Artigo comparando engajamento de mídia mainstream com mídia opinativa conservadora
Artigo comparando engajamento de mídia mainstream com mídia opinativa conservadora

A linha castanha que você vê neste gráfico é o engajamento de mídia do Daily Wire, de Ben Shapiro. Há quem o classifique erroneamente como fake news, mas o psicólogo da NYU não comete esse engano. É preciso ao dizer que não se trata de fake news, mas de informações apresentadas de forma diferente e apaixonada, onde a prioridade é o ultraje e o posicionamento pessoal de quem informa.

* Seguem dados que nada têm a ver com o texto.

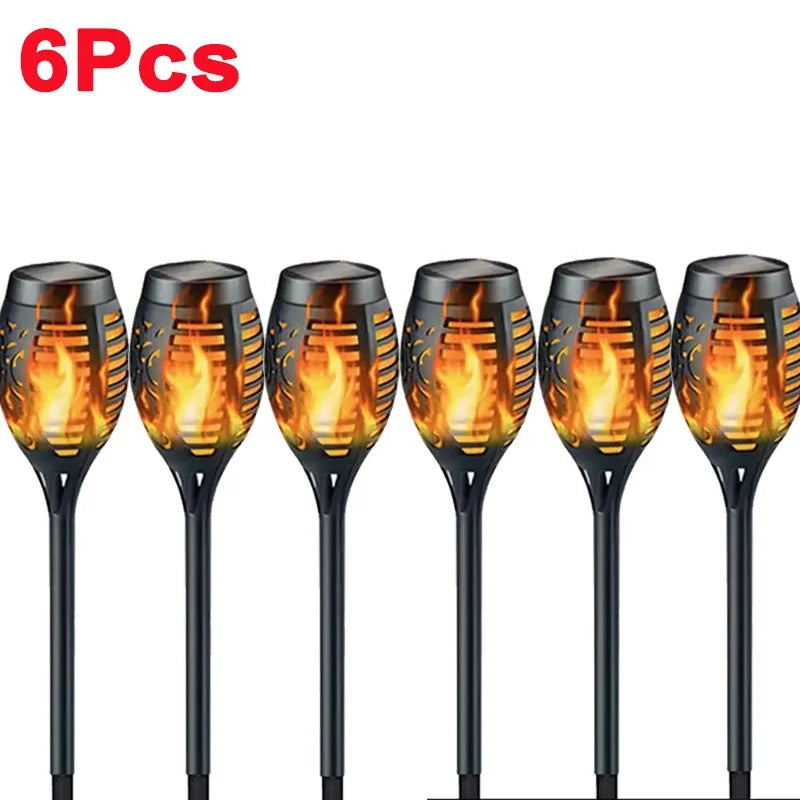 Solar Dancing Flame LED Garden Lantern by Showlu Smart General, showing a decorative outdoor lantern with flickering flame effect in a garden setting.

As linhas meio apagadas abaixo, em azul, são as mídias tradicionais como The New York Times, The Washington Post, NBC News, CNN e Fox News. Não tem nem como comparar o engajamento de todos esses veículos com o que Ben Shapiro consegue com seu estilo provocador. Quanto é mérito dele e quanto é o algoritmo que força essa situação por decisão da plataforma? Ninguém sabe.

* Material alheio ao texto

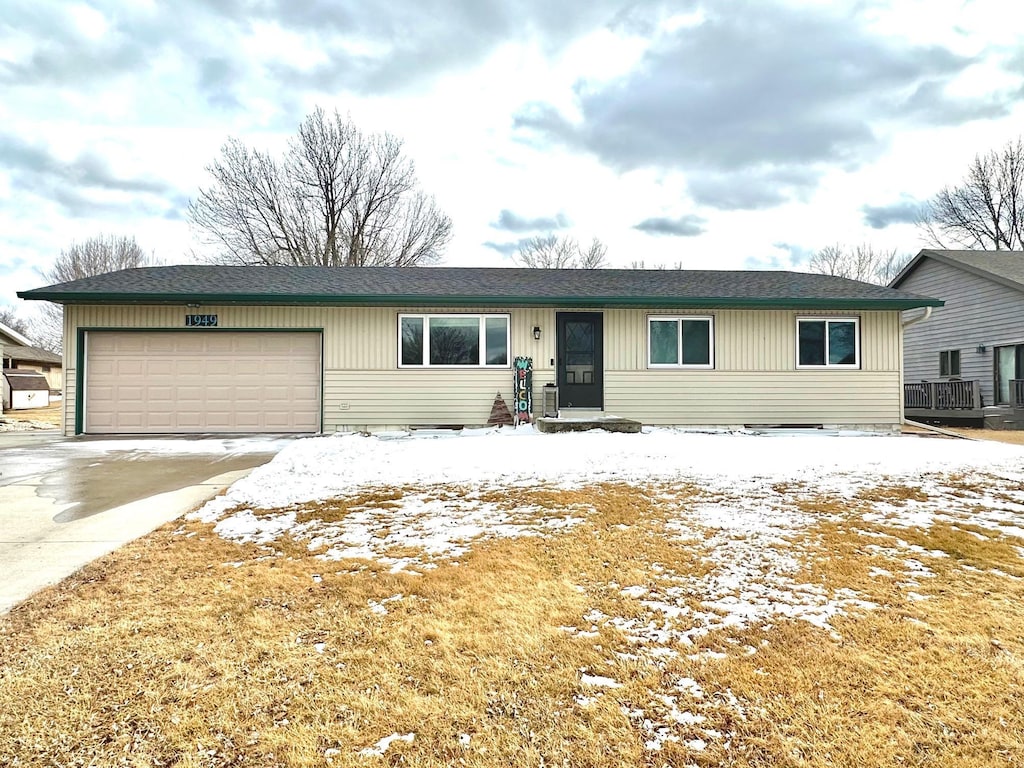 ranch-style home with a garage and driveway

Sabemos é que pouco a pouco o ultraje como modelo de negócio chega à mídia tradicional. Luis Miranda é o retrato pronto e acabado desses novos tempos. Pouca coisa dá mais audiência e causa mais frisson do que o presidente. Uma dessas coisas é alguém batendo em Jair Bolsonaro. De forma consciente ou inconsciente, essa lógica está tomando conta do jornalismo.

A questão é que esse movimento também afeta a sociedade e tem consequências na democracia. Ele interferiu no andamento de uma CPI e na forma de conduzir os trabalhos. Tem se tornado comum a coleta de depoimentos que não estão embasados em documentação, o que já foi raríssimo, mas gera um engajamento enorme. Já surgiu até uma nova geração de comentadores ao vivo de CPI nas redes sociais, interagindo com os senadores.

Eu também já achei tudo isso muito libertário e positivo um dia, sou uma otimista incorrigível. Creio que realmente será positivo quando estivermos conscientes de que não há comunicação direta com os poderosos nem liberdade de expressão em rede social. Tudo é mediado pelo algoritmo, tudo só funciona na lógica criada pelas Big Techs e não esclarecida para nós. Jogamos o jogo sem saber as regras.

Ao favorecer quem se manifesta contra o grupo oposto, as Big Techs criam uma lógica social fundada no ultraje e no justiçamento. Os ciclos de notícia passam a ser o ultraje contra alguém ou algum grupo. Em seguida, ele é substituído pelo ciclo de justiçamento contra quem promoveu o ultraje e assim sucessivamente. No meio da pancadaria, a primeira vítima é a verdade.